Let’s get Rahm in order on something right now: Without a robust public option there can be no individual mandate. Without strict cost controls and the much-longed-after downward bend to the cost curve, all you’re left with is today’s overpriced, low-choice coverage which, under new laws anybody can get…and they’d have to. That’s sort of why the insurance lobbies favor a plan with no public option and/but an individual mandate; especially if their buddy Max Baucus manages to use the legislation to increase their profit margins to 35%. Oh, and we’d be ditching the employer mandate as well. So there’d be impetus for employers to ditch the matching coverage schemes of today to cut their costs in favor of kicking you out on your own…where you’d be required by law to pay ever more since you’d have no access to the sort of pooled coverage groups and bargaining power that might actually, you know, contain costs. This is really sounding like a wonderful plan they’ve got going.

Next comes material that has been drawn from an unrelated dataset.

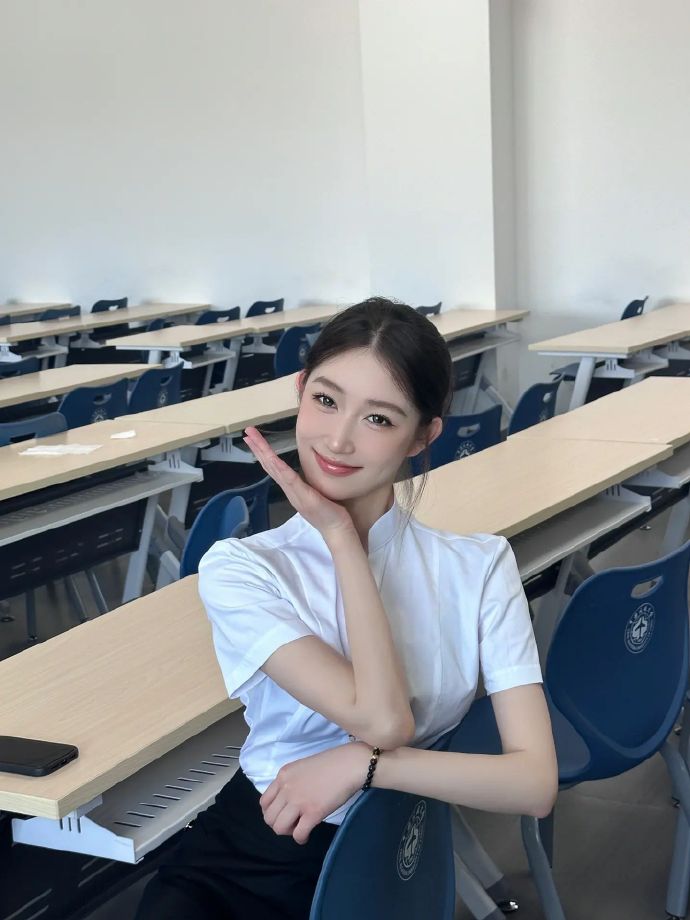 亚洲女同一区二区亚洲女士嘘嘘peehd-视频30分钟高清迅雷下载-水蜜桃影视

You can ditch the public option, but with it has, HAS to go: the individual mandate. You then rely on slow growth of acceptance (the campaigning Obama said as much: people will buy healthcare if they can afford it. They want to buy in, but often can’t in the current setup that’s too heavily weighted towards certain “good” jobs with plans attached or the occasional large coverage pools.) It would be a bad outcome, and would extend the period of suffering for all of us; but it’s not nearly as bad as losing the public option and the employer mandate and yet inexplicably keeping the individual mandate along with none of the potential consumer choice and provider competition-oriented benefits. Now you’re forced to buy insurance that too few folks can afford anyway.
Instead, we’re being told to quit being smelly hippies and get on board with the wonderful program of force-fed shit sandwiches, and could we please all agree it’s the best of all possible worlds? Uh, no. We can’t. Lead, follow, or get the fuck out of the way.